This is the goal of investigators developing diagnostic devices that can be printed on to sheets of paper. The tests are being designed to cost just pennies to manufacture - opening up the possibility of a plethora of diagnostic tests for tackling problems such as tuberculosis, cholera, environmental toxins and foodborne pathogens, which can be prohibitively expensive to diagnose in the developing world using other technologies. 
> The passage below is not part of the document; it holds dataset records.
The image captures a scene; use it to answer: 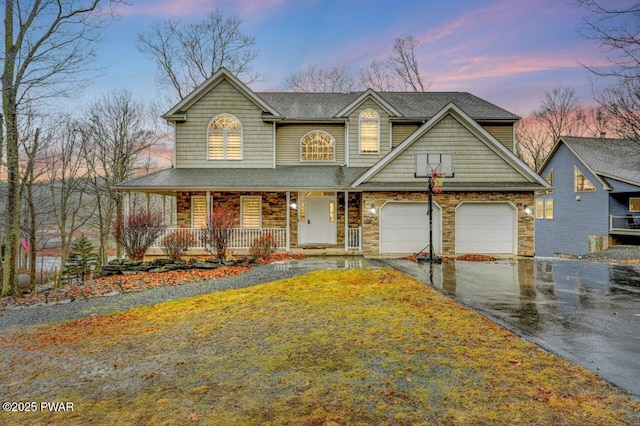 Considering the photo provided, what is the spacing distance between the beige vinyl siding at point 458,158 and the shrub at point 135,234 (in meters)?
9.17

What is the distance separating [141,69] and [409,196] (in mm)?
21528

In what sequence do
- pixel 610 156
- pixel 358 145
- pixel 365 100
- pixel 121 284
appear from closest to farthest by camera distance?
1. pixel 121 284
2. pixel 365 100
3. pixel 358 145
4. pixel 610 156

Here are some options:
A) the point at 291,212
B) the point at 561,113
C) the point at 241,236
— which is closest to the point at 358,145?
the point at 291,212

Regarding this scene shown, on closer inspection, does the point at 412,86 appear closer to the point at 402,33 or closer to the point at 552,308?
the point at 402,33

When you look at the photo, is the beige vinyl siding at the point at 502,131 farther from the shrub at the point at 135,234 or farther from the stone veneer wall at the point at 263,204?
the shrub at the point at 135,234

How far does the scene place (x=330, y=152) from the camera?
1736cm

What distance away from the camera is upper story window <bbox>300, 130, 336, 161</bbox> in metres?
17.3

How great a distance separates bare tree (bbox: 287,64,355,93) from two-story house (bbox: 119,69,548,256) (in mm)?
10760

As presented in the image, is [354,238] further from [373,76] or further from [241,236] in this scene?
[373,76]

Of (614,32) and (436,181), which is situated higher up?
(614,32)

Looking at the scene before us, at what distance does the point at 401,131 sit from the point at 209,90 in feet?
30.6

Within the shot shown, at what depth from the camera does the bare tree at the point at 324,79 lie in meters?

Several organisations have been established around the world to develop and commercialise cheap paper-based diagnostic tests. US-based Diagnostics For All (DFA) was set up to turn the academic proof-of-concept devices coming out of the laboratory of George Whitesides at Harvard University, Cambridge, into large-scale manufactured commodities. The Canadian government sponsors the Sentinel Bioactive Paper Network, which consists of 24 academic research groups that focus on new diagnostic products made of paper. Thirdly, there is the Bioresource Processing Research Institute of Australia (Biopria), a part of the Australian Pulp and Paper Institute at Monash University.

Global commodity 

Paper-like analytical products have been in the laboratory since the 19th century in the forms of filtration, chromatographic supports and litmus paper. These products tend to be made from purified cellulose or modified forms of cellulose - like nitrocellulose - rather than regular paper. ’Nitrocellulose is a speciality material produced in small quantities,’ states Robert Pelton of McMaster University, Ontario, Canada, who heads the Sentinel network. It is also extremely flammable, limiting its usefulness. 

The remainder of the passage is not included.